Darkwing Duck lived in a two story home despite not even having any sort of job outside of his crime fighting. This was finally explained in the 2010 comics, where it's revealed that SHUSH paid him for his services.
Likewise, the eponymous character on Jimmy Two-Shoes lives on his own without a job. One episode centered around him having to take a job to pay for some frivolous purchases, but he never has problems basic living.
Parodied in The Critic. Doris owns a huge, spartan apartment in New York City - and only pays $150 thanks to rent control. She tells Jay - without turning around - to put the candlestick down, knowing he wanted to club her to take over her rent controlled apartment.
Truth in Television: There are some apartments in Mannhattan with ridiculously low rents, even as low as $150, thanks to rent control. A good chunk of them are in upper Manhattan, though, and often date back to the 1940's.
Dexters Laboratory: The Justice Friends (Major Glory, Val Hallen and Krunk) live at an apartment they rent. It's revealed in one episode that Val Hallen got the largest room (well, less "room" and more "pocket dimension containing the full glory and splendour of VALHALLA ITSELF") and pays a bigger share of the rent than the others because of this (which isn't a problem for him as he is not only a superhero and "Norse god of rock," but also the world's most famous rock star). It's never stated how much each Justice Friend pays (although Major Glory probably has a cushy government contract).

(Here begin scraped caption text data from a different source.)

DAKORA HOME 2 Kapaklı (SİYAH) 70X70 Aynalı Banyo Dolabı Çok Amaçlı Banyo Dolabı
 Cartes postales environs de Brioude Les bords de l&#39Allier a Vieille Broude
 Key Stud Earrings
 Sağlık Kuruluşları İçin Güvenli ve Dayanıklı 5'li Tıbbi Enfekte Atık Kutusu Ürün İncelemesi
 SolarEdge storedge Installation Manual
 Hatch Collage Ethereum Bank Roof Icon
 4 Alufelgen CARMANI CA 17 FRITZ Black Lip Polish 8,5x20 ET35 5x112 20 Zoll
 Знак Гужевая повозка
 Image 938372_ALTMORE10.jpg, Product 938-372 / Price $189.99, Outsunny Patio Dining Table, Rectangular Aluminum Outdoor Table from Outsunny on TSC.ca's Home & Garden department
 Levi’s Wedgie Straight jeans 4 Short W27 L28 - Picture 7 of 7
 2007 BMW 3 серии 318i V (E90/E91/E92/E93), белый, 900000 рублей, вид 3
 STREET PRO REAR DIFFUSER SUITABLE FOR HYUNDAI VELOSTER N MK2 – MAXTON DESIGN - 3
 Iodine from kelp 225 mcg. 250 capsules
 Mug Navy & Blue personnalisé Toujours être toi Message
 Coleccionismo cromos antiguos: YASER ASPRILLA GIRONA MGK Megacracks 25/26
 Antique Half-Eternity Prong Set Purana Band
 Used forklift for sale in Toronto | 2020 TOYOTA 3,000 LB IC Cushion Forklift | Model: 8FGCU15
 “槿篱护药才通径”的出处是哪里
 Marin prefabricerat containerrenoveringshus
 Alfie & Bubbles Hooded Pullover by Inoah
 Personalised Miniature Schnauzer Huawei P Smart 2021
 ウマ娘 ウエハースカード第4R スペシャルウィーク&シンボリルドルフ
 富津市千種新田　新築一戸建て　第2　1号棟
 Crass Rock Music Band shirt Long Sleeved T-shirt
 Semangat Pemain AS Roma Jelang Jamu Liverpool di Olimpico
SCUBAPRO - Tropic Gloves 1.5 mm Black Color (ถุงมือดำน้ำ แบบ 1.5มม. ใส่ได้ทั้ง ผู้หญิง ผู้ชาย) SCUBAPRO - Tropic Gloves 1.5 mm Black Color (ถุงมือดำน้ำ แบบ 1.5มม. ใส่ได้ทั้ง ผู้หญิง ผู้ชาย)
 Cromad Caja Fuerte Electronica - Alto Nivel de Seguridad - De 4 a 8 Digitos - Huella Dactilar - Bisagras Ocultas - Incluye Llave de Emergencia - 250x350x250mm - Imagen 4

Played with by Mission Hill early on, then averted. Andy is working at a water mattress store at (presumably) just above minimum wage, Posey is just...there, and no one knew what Jim did for a living until Kevin came along, yet they live in a very spacious apartment (with a second floor!) in a decent building with neighbours they like, in a part of town that doesn't seem run down or depressed. Then Jim is revealed to be a highly paid corperate executive with tons of clout for basically being computer whiz. This isn't revealed until Andy loses his job and a tooth, and Jim lets him use his health insurance to have it fixed, because Andy never asked - even though he's Jim's best and oldest friend.